The group comprises members of various key players from the South African government. These include the revenue service, reserve bank, and competition commission.
The paper confirmed the group’s position. It states that it is necessary to initiate “a staged approach to bring crypto-assets within the regulatory remit through the regulation of crypto-asset service providers.”
Assessing the current crypto landscape
South Africa is one of the biggest crypto markets in Africa. The biggest exchange in the country, Luno, has seen steady growth in customers. In 2020, it almost reached one million new customers.
However, regulation on cryptocurrencies in the country has been uncertain. As a result, it has been on the exchanges to ensure they are working legally.
As a result, the Intergovernmental Working Group’s efforts in this area are important to those trading and working in cryptocurrency in the country.
In analyzing the current market, the group explained that it assessed the “underlying economic function of crypto assets rather than the specific technology applied or the entity involved.”
The recently published document outlines “25 recommendations for a revised South African policy, legal and regulatory position on crypto assets and related activities.”

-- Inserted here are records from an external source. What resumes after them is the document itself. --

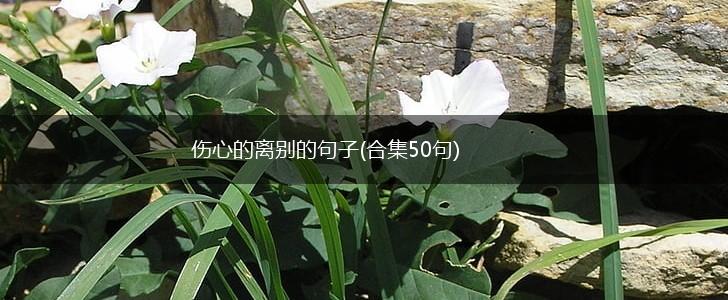 伤心的离别的句子(合集50句),第1张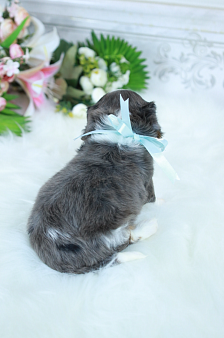 🐾 Доступен для бронирования малыш кавалер кинг чарльз спаниеля — уникальный мраморный окрас!🐾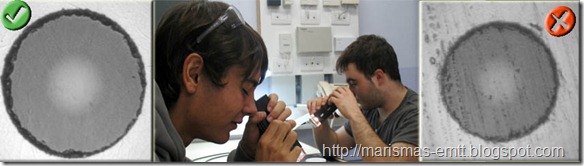 Inspeccionando terminaciones de fibra Inspeccionando terminaciones de fibra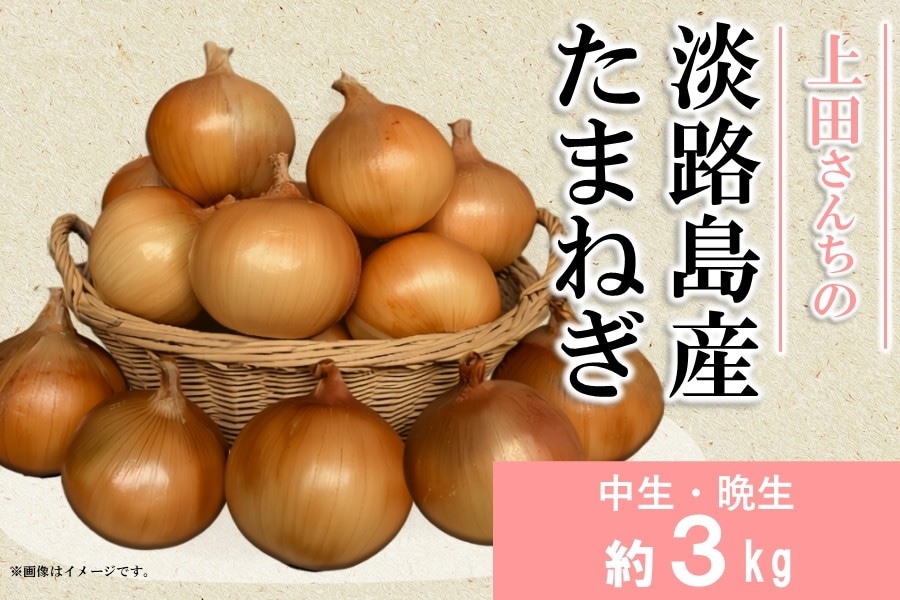 中生】上田さんちの淡路島産たまねぎ（約3kg）: あつめて、兵庫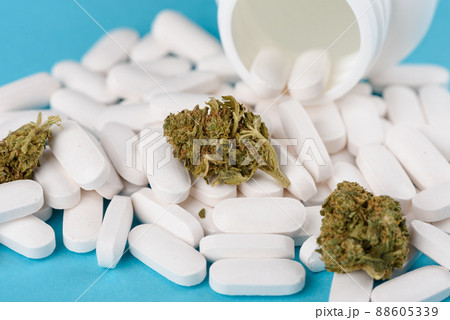 CBD cannabis flower buds on heap of capsules from open bottle on blue background CBD cannabis flower buds on heap of capsules from open bottle on blue background 88605339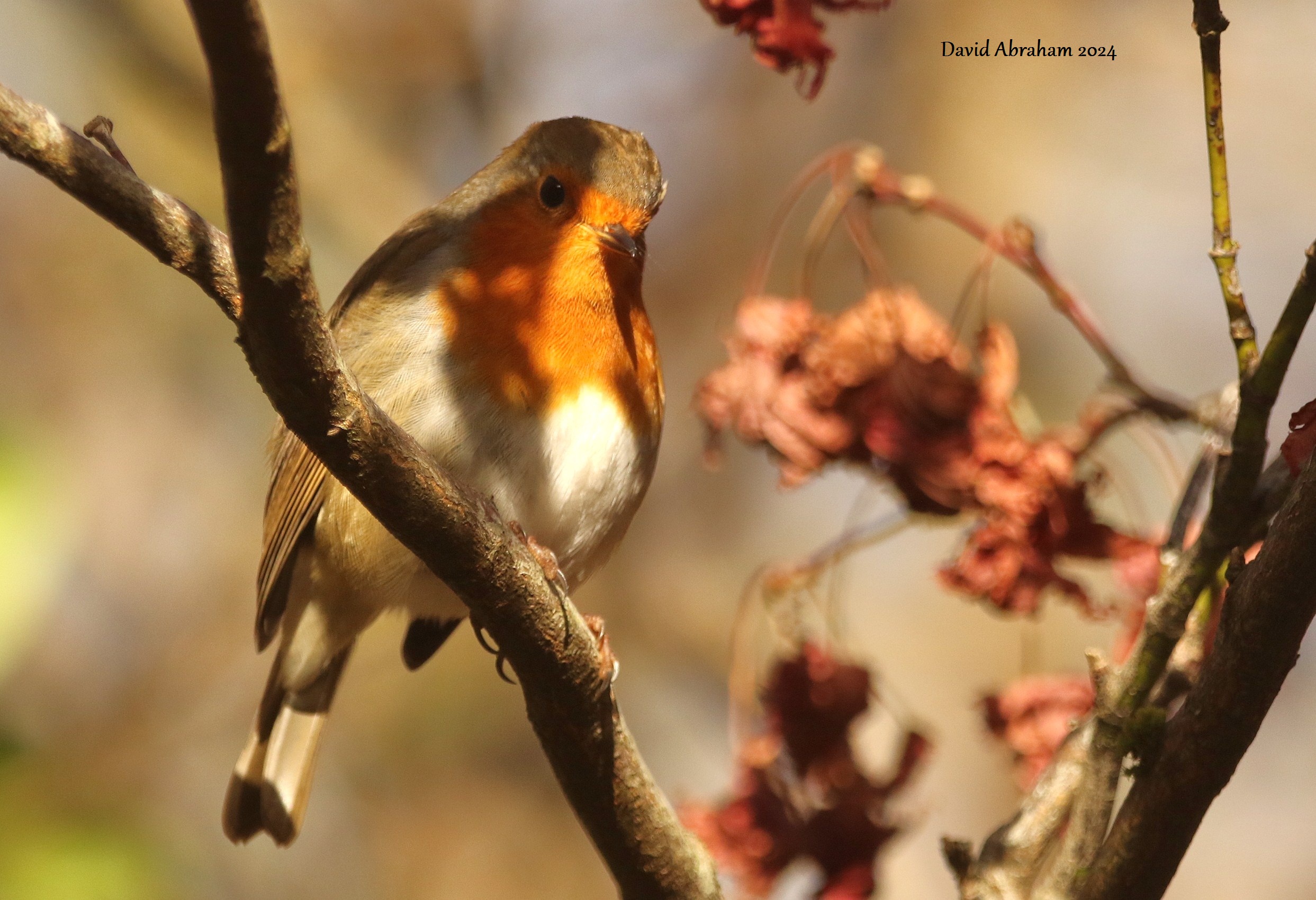 Robin 
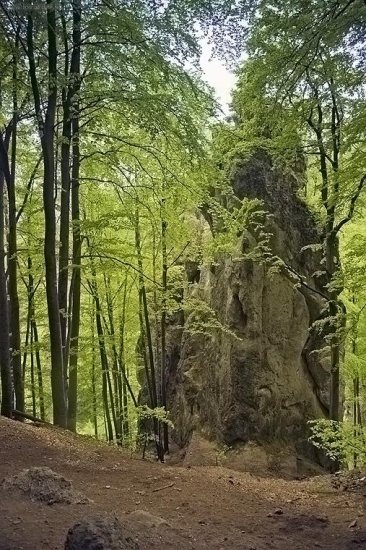 Kojšov - Turniská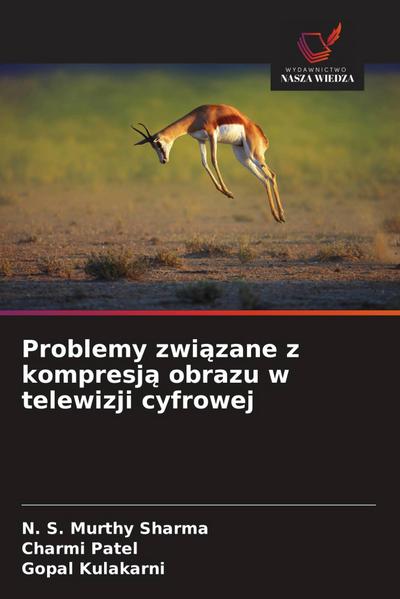 Problemy zwi¿zane z kompresj¿ obrazu w telewizji cyfrowej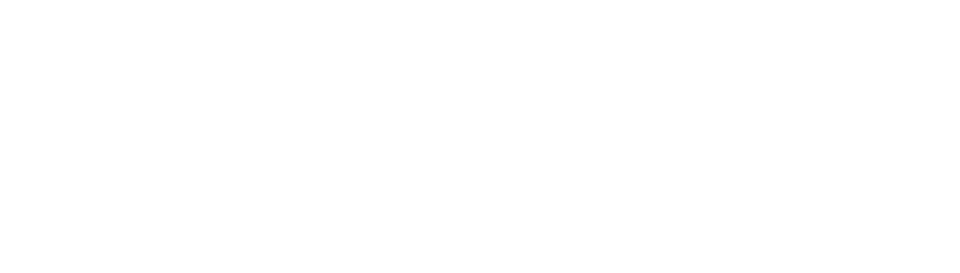 Deutscher Pflegerat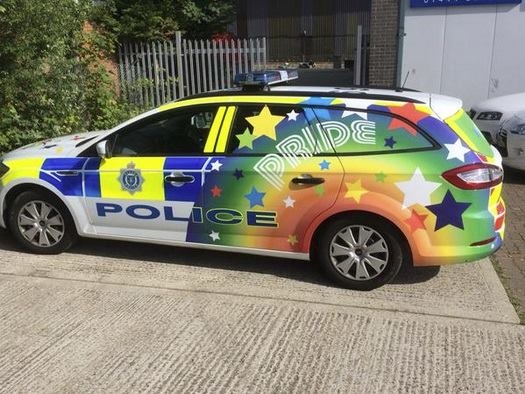 Wokeycokey Rozzers.jpg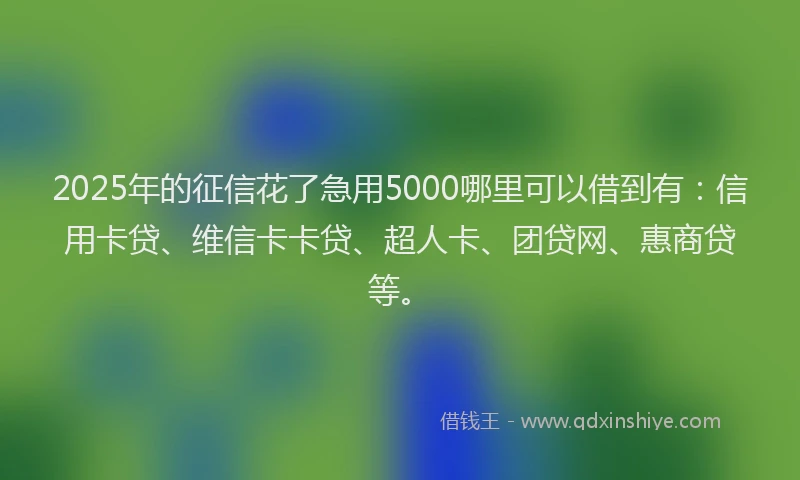2025年的征信花了急用5000哪里可以借到有：信用卡贷、维信卡卡贷、超人卡、团贷网、惠商贷等。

Three key crypto regulation areas
The three areas that these recommendations focus on are AML/CFT framework, cross-border financial flows, and the application of financial sector laws.
The first area that the group is concerned with is anti-money laundering and combating financing of terrorism (AML/CFT).
Exchanges and other crypto asset providers are expected to adhere to these legislative requirements, including registering with the Financial Intelligence Centre (FIC), conducting customer identification and verification, conducting customer due diligence, and keeping records of client and transactional information.
In addition the paper expects the providers to report cash transaction of $1,818 (R25,000) and higher.
Cross-border financial flows
The second area is the monitoring of cross-border financial flows of crypto.
The group recommends the Financial Surveillance Department of the reserve bank assume “supervisory and regulatory responsibility for the monitoring of cross-border financial flows in respect of crypto assets and CASPs.”
This would require some amendments to exchange control regulations.
Financial sector laws
Finally the group recommends and interim measure of declaring these assets as financial products.
This recommendation focuses on ensuring crypto-asset providers are kept within regulatory oversight. In addition, it aims to ensure they “will assist in addressing the immediate exploitation of consumers by unscrupulous entities.”
A caution to consumers
However, the group was clear that its paper was not an endorsement of crypto-assets.
In addition, it warned consumers that “the crypto-asset ecosystem is evolving at a fairly rapid pace, and
developments continue to challenge the applicability of existing legislation and regulations to emerging activities.”
“Consumers are therefore strongly urged to ensure they fully understand the products and services they are gaining exposure to, as well as the associated risks.”